Turning to the weekly action

  • Volumes: cooler weather (as much as 3C below last year in Melbourne) saw NEM wide volumes up 4% compared to previous corresponding period (PCP) driven by NSW and Vic. Qld remaind soft. For the CYTD (calendar year to date) volumes are flat, down in Victoria up in NSW.  At this stage our guess is that volumes for the calendar year will end up marginally ahead of 2016.
  • Future prices.. were largely unchanged this week. Again we draw attention to the fact that prices in the out years are lower than for 2018. For instance the very lightly traded FY2020 NSW price is at $74 MWh compared to $109 MWh for FY18
  • Spot electricity prices were well up on last year 160% in the case of Victoria, but only 57% in NSW. In the current Autumn conditions NSW and QLD spot prices are noticeably below those of Victoria and South Australia and Tasmania
  • REC
  • Gas prices .  Drifted slightly but no real change
  • Utility share prices.. Redflow’s announcement that production has resumed saw its share price up 31% on the week, to be still down 40% on last year.  Tilt shares lost 8% for the week after its outlook statement indicated that profits would be less in FY18 than FY17. Origin’s Stockyard Hill deal combined with some renewed confidence in the oil market saw its share price up 5% for the week and 20% since Jan 1 just about matching the 22% for AGL. AGL announced that Stephen Mikkelsen head of energy markets and former CFO will be stepping down. Stephen was well regarded in the market.
  • Overall the larger utility shares have done quite well this year. Networks have proved to be good investments. Perhaps not quite as good as some think. The following chart compares the CBA and Austnet share prices over 10 years. It isn’t adjusted for dividends. Ausnet’s dividends have been better than CBAs but CBA’s dividends are fully franked for the most part. My view is that over the 10 years they are much of a muchness. During the financial crisis both shares proved risky losing more than half their value.
Figure 1: AST & CBA share prices. Source: Factset

Figure 1: AST & CBA share prices.
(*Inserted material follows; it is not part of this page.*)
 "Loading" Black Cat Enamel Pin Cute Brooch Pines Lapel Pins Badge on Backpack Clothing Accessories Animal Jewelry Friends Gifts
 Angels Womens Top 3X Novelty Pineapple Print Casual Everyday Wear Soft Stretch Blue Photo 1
Source: Factset

That said sale of 50.4% of Endeavour energy brings  to $33 bn the total net benefit to the NSW Govt. balance sheet from sales of wires and poles. This money will fund the new Sydney metro (40% more rail services to the North Shore) as well as a wide range of other benefits. It also means the NSW Govt has less incentive to act in the interest of network owner and more to act in the interest of consumers. Unfortunately it still retains a minority interest in Ausgrid and Endeavour and retains 100% of Essential.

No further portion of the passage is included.